HTTP
Fix a disabled HTTP protocol on your Bitping Node — internet connectivity, restrictive firewalls, transparent proxies, and DNS issues
Overview
HTTP failures at startup are uncommon — this protocol has minimal system requirements. The node tests HTTP by making a request to bitping.com when it starts. If that request fails, HTTP shows as disabled.
Common Causes
Check your internet connection. The simplest cause is no working network. Confirm a basic HTTPS request succeeds:
curl -v https://bitping.com
Check for restrictive firewalls or proxies. Corporate firewalls or transparent proxies may block or interfere with outbound HTTPS traffic. If curl returns a TLS error or a 403 you didn’t expect, you’re likely behind a filtering proxy.

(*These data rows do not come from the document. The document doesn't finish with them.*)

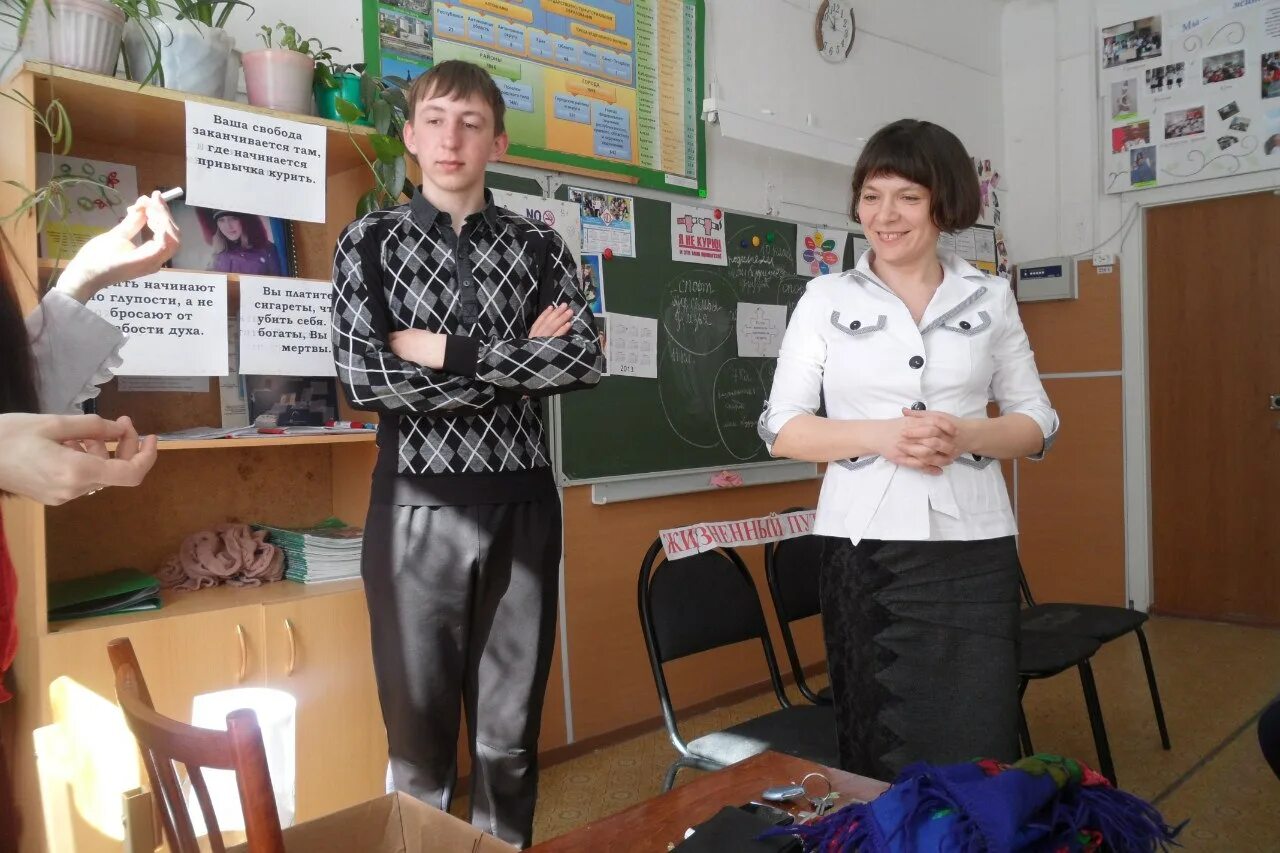 Сайт школы вознесенское нижегородская область. Вознесеновская школа учителя. Фотоальбом школа 108 2014 год. Сайт школы вознесенское нижегородская область. Школа 28 вознесенская.
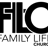 Family Life Church of Amarillo Logo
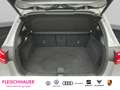 Mercedes-Benz B 200 DCT Navi Digitales Cockpit LED El. Heckklappe Appl Argent - thumbnail 7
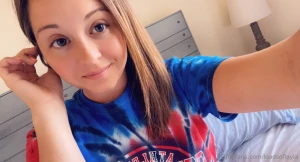 Attention happy 4th from your fave american slut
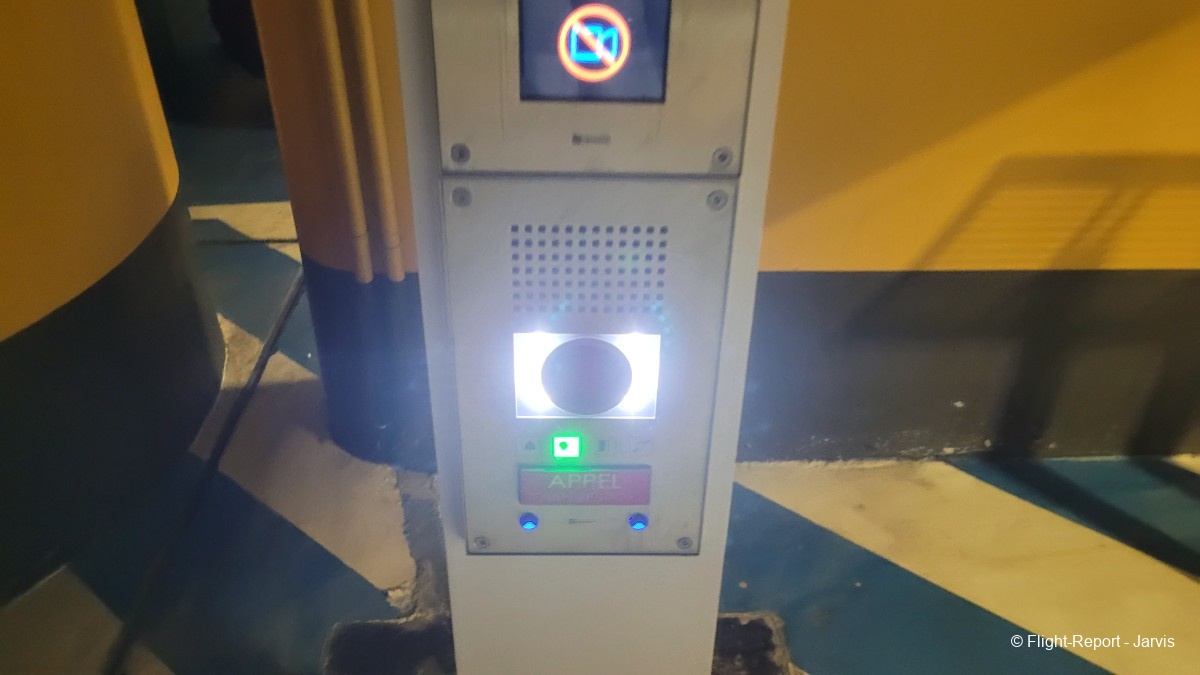 photo 20250612_115613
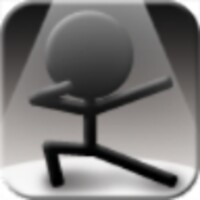 StickMan icon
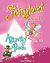 2010, Evans, Virginia (Evans, Virginia), Fairyland Junior B: Activity Book, , Dooley, Jenny, Express Publishing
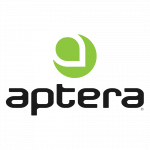 Aptera is partner at Pistons & Pretzels California, a car event hosted by KOnzepthaus to bring together to automotive design community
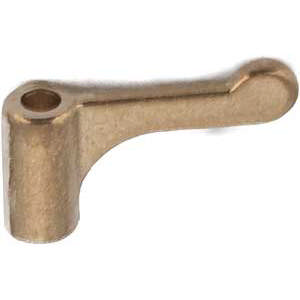 Twister 5011 Single M 13 mm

Check for DNS issues. If your node can’t resolve domain names, HTTP requests will also fail. The HTTP check needs to resolve bitping.com before it can even connect. See Troubleshooting Connectivity for DNS-specific debugging.
Verify From the Same Host
The most useful test is the one that runs from the same machine as the node:
# Resolves DNS and connects
curl -v https://bitping.com
# DNS-only check
nslookup bitping.com
If curl works but the node still reports HTTP as disabled, restart the node — capability checks run once at startup.